The SWV of gallic acid with SWCNT/Bi₂O₃ electrode provided reliable and accurate results and proved to be suitable for the quantitative determination of gallic acid. Proposed protocol, using the SWCNT/Bi₂O₃ sensor, provided wide linearity, with sensitivity of 12.5, 2.35, and 0.385 µA µmol⁻¹ dm³ for the low, middle, and high concentration ranges, respectively. The LOD was estimated to be 0.06 μmol dm⁻³.

The aqueous extract solutions are analyzed using the proposed electroanalytical and spectrophotometric methods. A very high correlation was obtained between the content of phenolic compounds determined by the SWV and SP methods, especially for samples in which GA is the main phenol.

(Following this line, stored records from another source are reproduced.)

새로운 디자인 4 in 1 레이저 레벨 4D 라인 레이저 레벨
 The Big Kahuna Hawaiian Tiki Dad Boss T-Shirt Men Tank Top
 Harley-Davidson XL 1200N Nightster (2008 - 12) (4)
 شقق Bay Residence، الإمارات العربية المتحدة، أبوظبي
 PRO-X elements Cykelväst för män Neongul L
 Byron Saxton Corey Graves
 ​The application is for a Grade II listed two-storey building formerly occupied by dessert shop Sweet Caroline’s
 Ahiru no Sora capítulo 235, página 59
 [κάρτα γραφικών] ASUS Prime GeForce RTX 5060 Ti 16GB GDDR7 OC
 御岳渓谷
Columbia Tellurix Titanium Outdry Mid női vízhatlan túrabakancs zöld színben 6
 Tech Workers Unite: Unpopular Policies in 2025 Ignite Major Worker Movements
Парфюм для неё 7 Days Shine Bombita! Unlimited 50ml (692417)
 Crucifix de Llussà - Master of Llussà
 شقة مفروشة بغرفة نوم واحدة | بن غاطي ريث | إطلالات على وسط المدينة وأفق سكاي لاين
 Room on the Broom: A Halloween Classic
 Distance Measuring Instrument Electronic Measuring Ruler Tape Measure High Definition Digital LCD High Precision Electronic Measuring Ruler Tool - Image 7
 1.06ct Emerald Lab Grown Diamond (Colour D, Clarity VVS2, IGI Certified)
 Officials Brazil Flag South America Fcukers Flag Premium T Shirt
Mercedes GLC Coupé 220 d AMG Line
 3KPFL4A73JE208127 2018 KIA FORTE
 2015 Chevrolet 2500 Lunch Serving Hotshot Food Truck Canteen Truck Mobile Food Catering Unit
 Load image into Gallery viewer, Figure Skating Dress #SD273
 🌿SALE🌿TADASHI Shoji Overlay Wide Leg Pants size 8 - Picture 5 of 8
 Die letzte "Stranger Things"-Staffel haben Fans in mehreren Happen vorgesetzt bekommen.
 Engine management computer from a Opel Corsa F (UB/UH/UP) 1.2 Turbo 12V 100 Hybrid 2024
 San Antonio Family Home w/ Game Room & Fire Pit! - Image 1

Both methods show the highest concentration of gallic acid in sunflower seeds (SP: 154.1 and SWV: 173.51 mg GAE/L).

The results of this work can significantly contribute to the development of a new method for the determination of gallic acid as one of the most important polyphenols, which also represents an advance in the development of voltammetric methods for the determination of the total phenolic content and antioxidant activity of various compounds.